13
В первые месяцы слепоты Тин Вин изо всех сил пытался вернуть себе знакомый мир: дом, двор, окрестные поля. Он часами просиживал во дворе, у забора, на сосновом пне, под деревом авокадо или перед цветущими маками, пытаясь узнать, есть ли у каждого из них особый запах. Например, у сада за домом. Как там пахнет теперь? Как раньше или иначе?
Мальчик ходил по своим тропкам, подсчитывая расстояния и вычерчивая в уме карту всего, чего касались его руки и ноги. Важен каждый куст, дерево и камень. Тин хотел сохранить их в памяти, ведь они должны заменить ему глаза. С помощью этих ориентиров он внесет порядок в мир молочно-белого тумана.
Ничего не получалось.
Наступал новый день, и все куда-то перемещалось, как по мановению палочки злого волшебника. Мир вокруг ослепшего Тина был подвижным, своевольным, подчиняющимся каким-то неведомым капризам.
Врач успокаивал Су Кьи, говоря, что постепенно у мальчика разовьются другие чувства и восполнят потерю зрения.
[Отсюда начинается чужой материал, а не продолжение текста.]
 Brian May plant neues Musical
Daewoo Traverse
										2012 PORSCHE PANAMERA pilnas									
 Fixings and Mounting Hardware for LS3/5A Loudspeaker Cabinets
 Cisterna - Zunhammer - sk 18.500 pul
По его словам, слепые привыкают доверять своим ушам, носу и рукам и через какое-то время начинают достаточно уверенно ориентироваться в окружающем мире.
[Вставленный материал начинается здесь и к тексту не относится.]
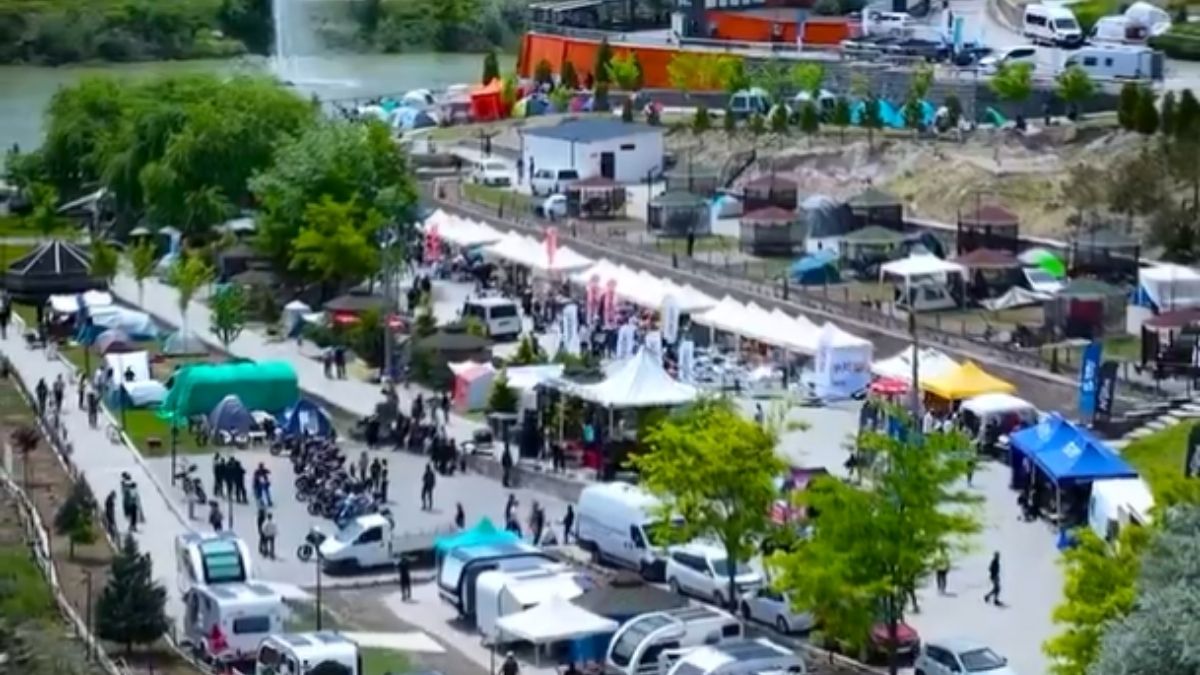 Incesu Kamp Karavan Festivali (1)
У Тина Вина все происходило наоборот. Он натыкался на давно знакомые камни. Ударялся о деревья, по которым когда-то лазал. Даже в своей хижине умудрялся стукаться лбом о дверные косяки и стены. Дважды чуть не угодил в горящий очаг. Хорошо, что оба раза Су Кьи была дома и ее крик предотвратил беду.
Еще через несколько недель Тин пошел в город и едва не попал под автомобиль. Он стоял на дороге, пытаясь уловить звук приближающейся машины. Он слышал голоса, шаги прохожих, лошадиное фырканье. Где-то щебетали птицы, кудахтали куры и шумно испражнялся вол. Звуки неслись со всех сторон, и Тин Вин не знал, каким из них уделить главное внимание. Но хуже всего то, что он не понимал, в каком направлении идти дальше. От его ушей было не больше пользы, чем от носа, дважды не учуявшего горящий очаг, или от рук, не распознававших препятствий.
Дня не проходило, чтобы он не ушибся или не поранился. Синяки, шишки, порезы и царапины на руках и ногах, содранные коленки. Тин Вин стойко выносил эти удары судьбы.
Тяжелее было в школе, где преподавали монахини и католический священник из Италии. Тину позволили сидеть в первом ряду. Учительницы постоянно спрашивали, уясняет ли он урок. Увы, здесь слух не мог заменить ему глаза, и Тин Вин понимал все меньше и меньше из того, о чем рассказывали на занятиях. В классе ему было очень одиноко. Он слышал голоса, дыхание взрослых и детей, но никого не видел. Люди стояли рядом, на расстоянии вытянутой руки, и в то же время были для него недосягаемы. Они жили в другом мире — мире зрячих.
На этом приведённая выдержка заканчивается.